See additional Postgres tips in our incident docs

Invalidating all user sessions

If all user sessions need to be invalidated, you can run this on the frontend database to force all users to log in again.

UPDATE users SET invalidated_sessions_at=now(), updated_at=now();

Restarting docs.sourcegraph.com

To restart the services powering docs.sourcegraph.com:

Configure kubectl context to the dotcom cluster

gcloud container clusters get-credentials cloud --zone us-central1-f --project sourcegraph-dev

Rollout a restart

kubectl -n default rollout restart deploy docs-sourcegraph-com

Wait a moment, and check https://docs.sourcegraph.com/.

Creating banners for maintenance tasks

For database upgrades or other tasks that might cause some aspects of Sourcegraph to be unavailable, we provide a banner across the top of the site. This can be done via editing Global Settings with the following snippet.

"notices": [
    {
"dismissible": false,
"location": "top",
"message": "🚀 Sourcegraph is undergoing a scheduled upgrade.
You may be unable to perform some write actions during this time, such as updating your user settings."
    },
]

We clone a public GitHub.com repo on dotcom if a user visits it and it is not already cloned. This means over time, dotcom accumulates a lot of repos that are visited maybe a long time ago and do not need to be stored on disk - especially if gitserver’s free disk space if running low. As a result, it usually doesn’t hurt to delete these repos, most of which happen to be 0 stars.
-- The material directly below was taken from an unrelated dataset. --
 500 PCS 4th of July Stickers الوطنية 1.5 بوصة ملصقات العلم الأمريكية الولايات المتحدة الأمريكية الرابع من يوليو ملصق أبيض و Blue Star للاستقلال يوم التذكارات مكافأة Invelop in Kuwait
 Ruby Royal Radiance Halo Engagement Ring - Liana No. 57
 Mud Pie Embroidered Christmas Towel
In the last round of cleanup in March 2023, we removed 1.8 million 0 star repos that used up a cumulative disk space of 65TB across all gitserver shards. This cleanup also ensured that we do not need to increase the disk size immediately as we were had only about ~10% free disk space prior to the cleanup.
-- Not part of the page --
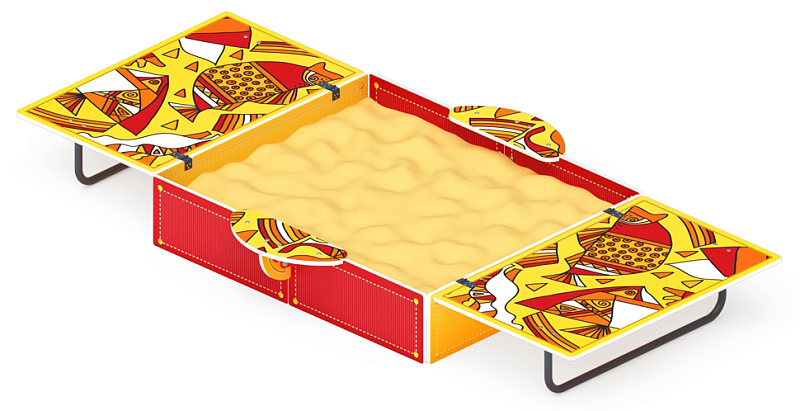 Песочница с крышкой средняя (Рыбы) - ИО 5.01.11-08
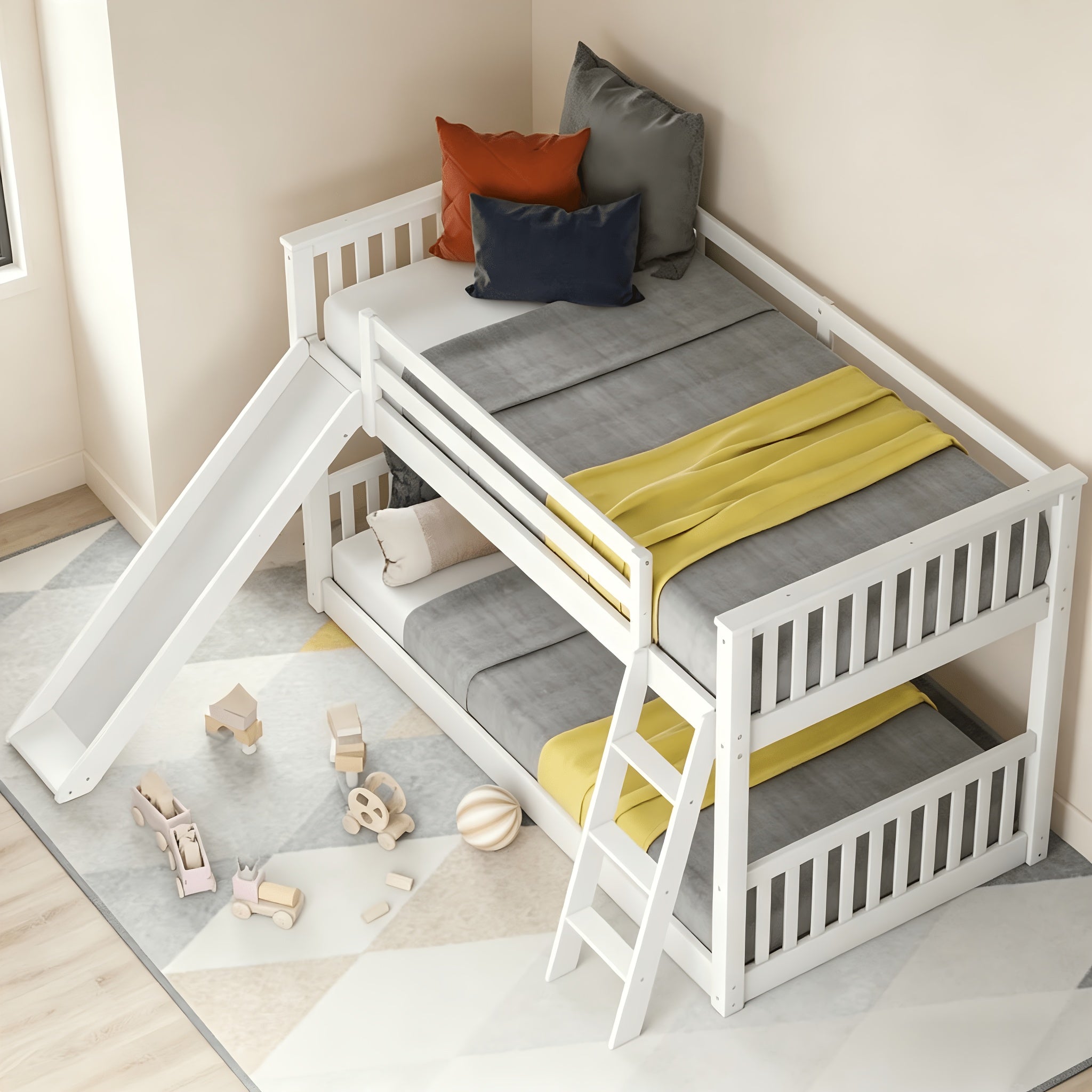 BELLEMAVE Twin Over Twin Bunk Bed with Convertible Slide And Ladder, Sturdy Bed Frame with Safety Guardrails, No Box Spring Needed, White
Increasing the disk space is costly (30TB costs ~$5k per month for the current tier of disk we use in gitserver on dotcom), both in immediate expenses for extra storage and future costs in terms of efforts and risk should we need to reduce the disk size. Reducing disk size is time consuming, risky and potentially incurs downtime and can also lead to data loss. All of this indicates that we should do our best to stay within the currently allocated disk sizes as best as we can and only increase disk space if we really are sure that it is the right choice and have weighed in all other options in depth.

Dotcom lazily syncs GitHub.com repositories, which also makes it safe to delete those repositories since they will not be cloned automatically the next time the code host connection completes a sync.
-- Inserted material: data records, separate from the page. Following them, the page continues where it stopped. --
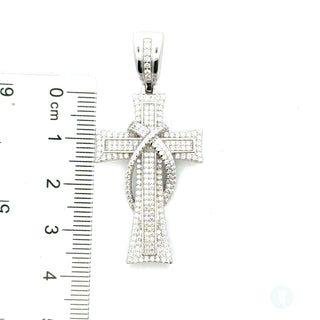 Micro-Pavé Cross with Crossover Band Moissanite Pendant in Sterling Silver, size comparison with a ruler (cm)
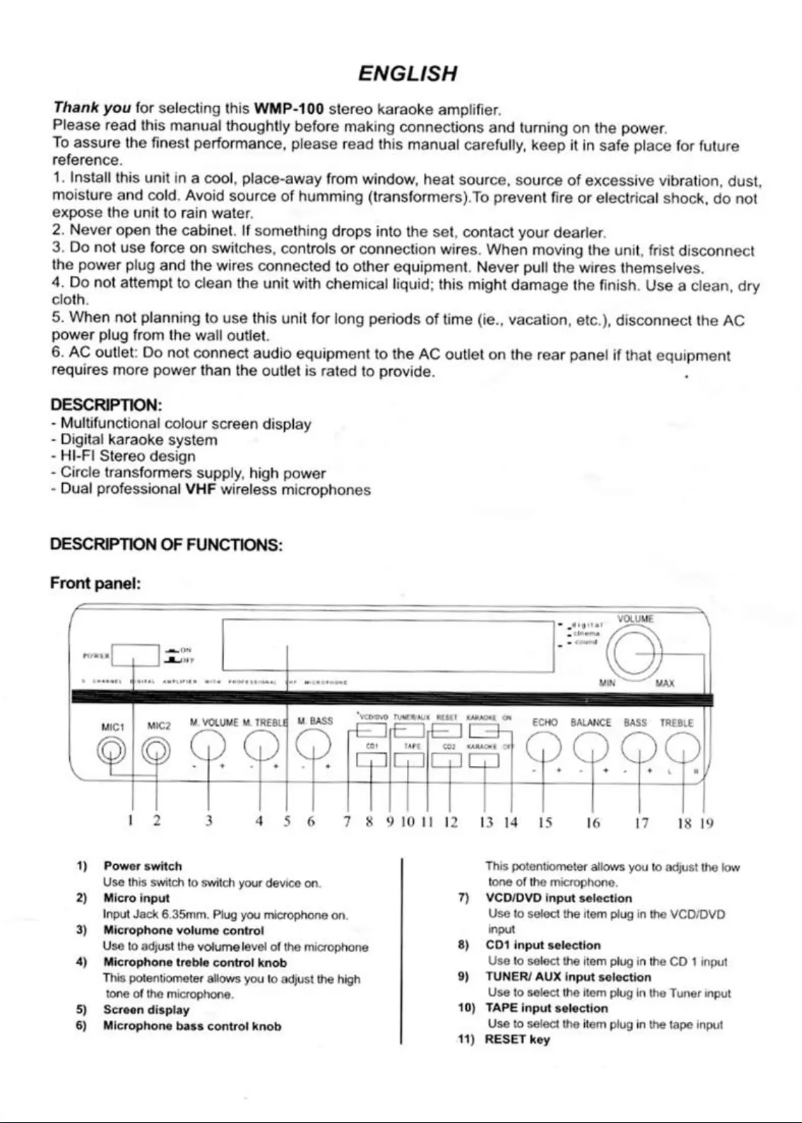 Página 1 del manual Manual de usuario Karma WMP 100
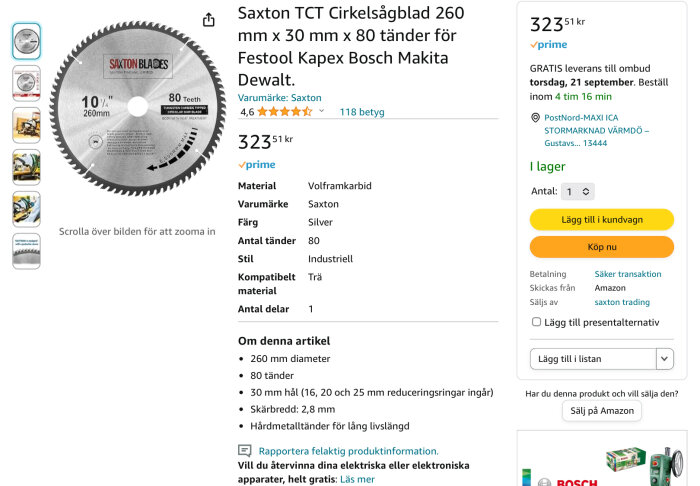 E-handelssida som visar Saxton cirkelsågblad, 260 mm, 80 tänder, silverfärgad.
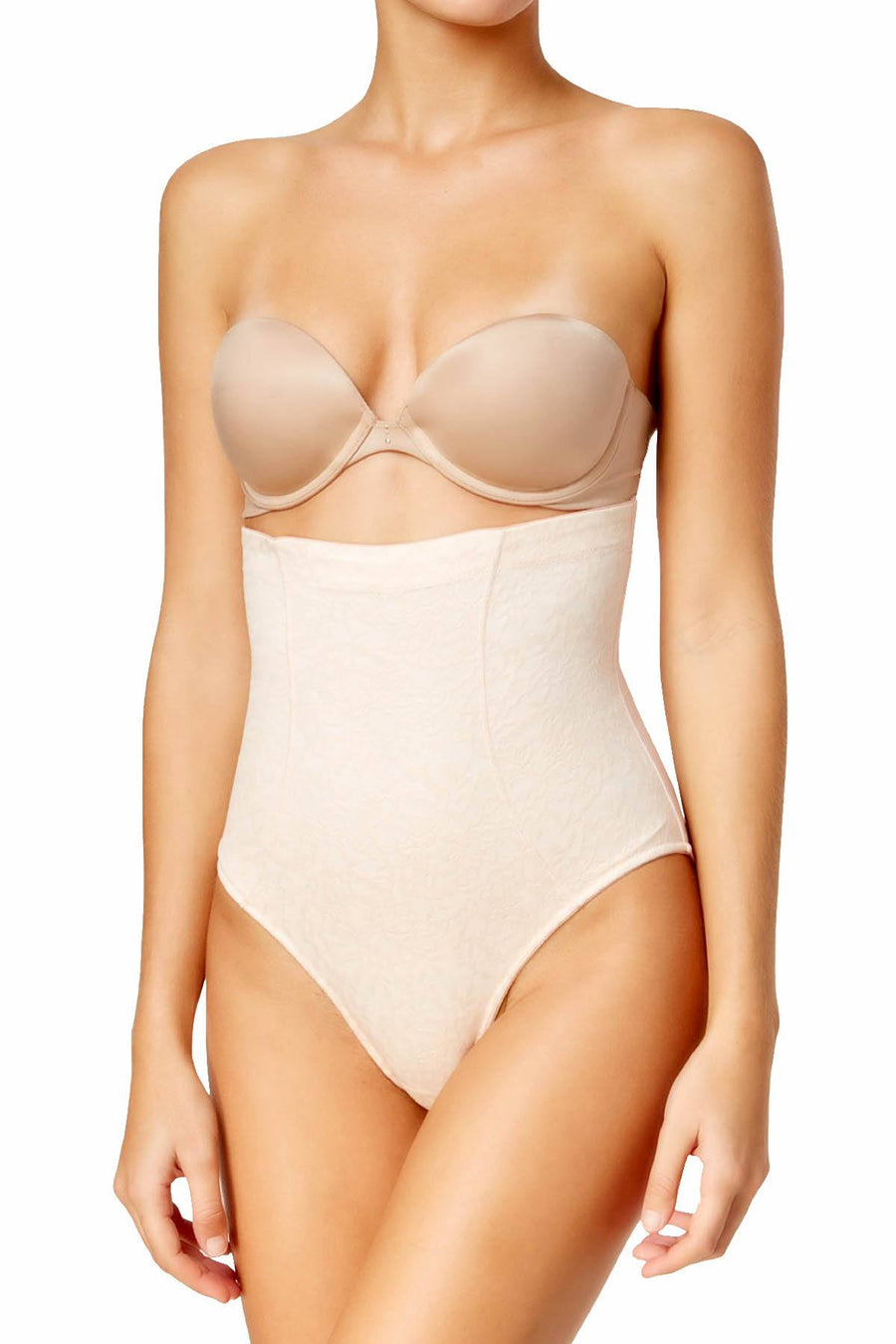 Maidenform Champagne-Ivory Sexy Firm-Control High-Waisted Brief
At the time of writing this doc, we do not store information on when a last repository was visited by a user although adding this is planned but not promised. If you are reading this doc and last visited information is now available, you should factor that into deciding which repos should be deleted. Currently, we delete 0 star repos to start with and if that is not enough then we delete 1 star repos, however the more the number of stars increases, the gains in recovered disk space start reducing down, for example all 0 star repos when we did the last cleanup amounted to ~65TB, and all 1 star repos amounted to ~11TB while 2 star repos amounted to just ~5GB.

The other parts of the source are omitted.